Background: Research has suggested that transdiagnostic factors related to reward, cognitive, and regulatory processes are involved in addictive behaviors and the experience of pain. However, studies of Prescription Opioid-Use Disorder (POUD) in a chronic pain population are scarce. This study aimed to analyze the predictive power of anticipatory pleasure experience, obsessive-compulsive behavior, cognitive control, emotion dysregulation, and sleep on POUD severity in chronic pain patients on long-term opioid therapy.

Methods: A three-wave prospective study was conducted in a sample of 67 patients. Individual interviews were held to collect self-reported data on transdiagnostic factors, POUD, and sociodemographic and clinical variables. Statistical analysis included repeated measures multinomial mixed models, unadjusted and covariate-adjusted.
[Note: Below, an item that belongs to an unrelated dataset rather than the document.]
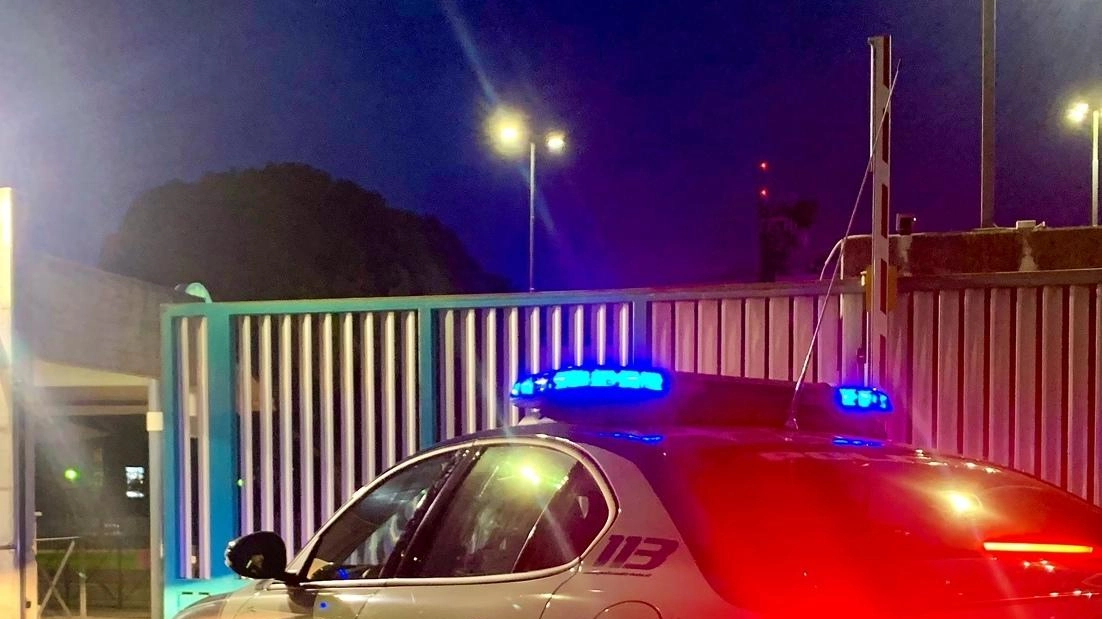 È stato identificato dagli agenti della squadra mobile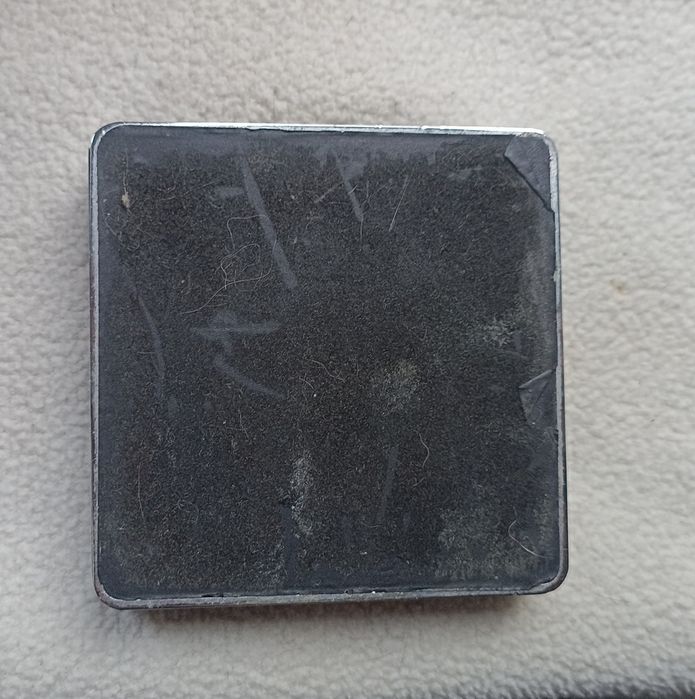 Stara ciężka popielniczka .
Results: Rates of moderate-severe POUD significantly increased at 6- and 12-month follow-ups compared to initial assessment. The inability to experience anticipatory pleasure (OR [95 %CI] = 0.93 [0.89-0.98]), emotion dysregulation (OR = 1.06 [1.03-1.10]), and poorer sleep quality (OR = 1.25 [1.07-1.45]) predicted moderate-severe POUD even in the adjusted models (p< 0.05). In contrast, obsessive-compulsive behavior (OR = 1.02 [0.99-1.06]) was no longer significant after adjustment for covariates (p> 0.05). In addition, cognitive control was the only factor that predicted both mild (OR = 0.96 [0.93-0.99]) and moderate-severe (OR = 0.94 [0.90-0.98]) disorder (p< 0.05). Furthermore, when all transdiagnostic factors were included in a single model, cognitive control and anticipatory pleasure experience emerged as the strongest predictors of POUD severity, respectively (p< 0.05).

Conclusions: The identification of key transdiagnostic factors related to POUD severity allows for a more specific profiling of patients at increased risk, potentially leading to improved treatment targets for chronic pain population on opioid therapy.